Id doesn't seem like many people in my area offer fondant cakes. I want to make that my exclusive thing. I like it better. People that offer both typically charge more for fondant per serving. If the going rate in my community is 800.00 for a basic buttercream cake to serve 200
people, what would you say a reasonable price would be for a basic fondant covered cake the same size?( fondant and cakes are scratch and very tasty!)
After knowing the base price, how does one establish a price for decorations made from sugar paste/ gum paste/ fondant? Or, the time spent hand painting a cake? By the amount of product, then an hourly charge? Given the price in my area for a buttercream 200 serving cake, can you tell me what I should charge for these three random items, 1.) a gum paste star gazer lily. 2.) a gum paste figurine small, medium and large. ( 1-2" , 3-5", 5 -8", or so ) 3.) a cake with hand painted flowers on fondant covering the whole surface. ( 200 serving. )

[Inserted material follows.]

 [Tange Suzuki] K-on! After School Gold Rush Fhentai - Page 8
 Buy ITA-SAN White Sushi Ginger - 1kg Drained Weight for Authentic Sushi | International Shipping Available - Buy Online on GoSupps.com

Thanks for any replies. I know these are a lot of questions.
For hand painting, you should charge by the hour.
Ditto for flowers--but you can price them separately from the fondant covered cake. The customer can then choose how many flowers or clusters they want to add to the cake.
Thanks Irene. How does one determine an hourly rate? Any advice?
For any product, the labor involved in producing the product should be incorporated in the price, along with the cost of ingredients, allocated overhead, and markup (for your profit).
Hourly wages for cake decorators are usually in the $10-15 range, but if you have specialized skills you can usually earn more than that.
I charge $1.75 per serving for fondant.
I charge $25 per hour for sculpting
I charge per tier for hand painting. For example, a 12" round with brush embroidery is $100.
I charge per flower depending on flower. A gumpaste peony is $35.
Thanks Jason. Your info is always so helpful!
Delicious, do you mean you add that much to a base price for fondant?
AI charge a base price for fondant covered cakes and then the extras are priced separately, this way a client can pick and choose the amount of extras that fit in their budget.
For flowers I first do a search online to see what the "going rate" is if I purchased the flowers. Then, I decide if I want to make the flower or just buy it. Sometimes if the flower is not one I would make again I can buy it already done for the same price or less than the cutter/veiner.
I personally don't charge an hourly rate. It is not the customer's fault I may be really slow at something and as I increase my speed I shouldn't have to then charge less for the same amount of work. I take each flower/figurine/project and price individually for each cake.
I made a peony for a wedding over the summer (turned out lovely). I charged the bride $12. I make that flower all the time, so I have gotten quite fast at it, for my market $12 is a fair price.
AI charge a flat fee per cake based on the serving count, and I don't add extra charges for decorations. My fondant charge is about $1 per serving more thn the buttercream charge. So if a cake serves 200, the fondant would cost $200 more. That takes into account the time to cover the cake, cost of fondant, and any extra time it would take to decorate it using different techniques specific to fondant. I make my own fondant so it isn't as expensive as commercial.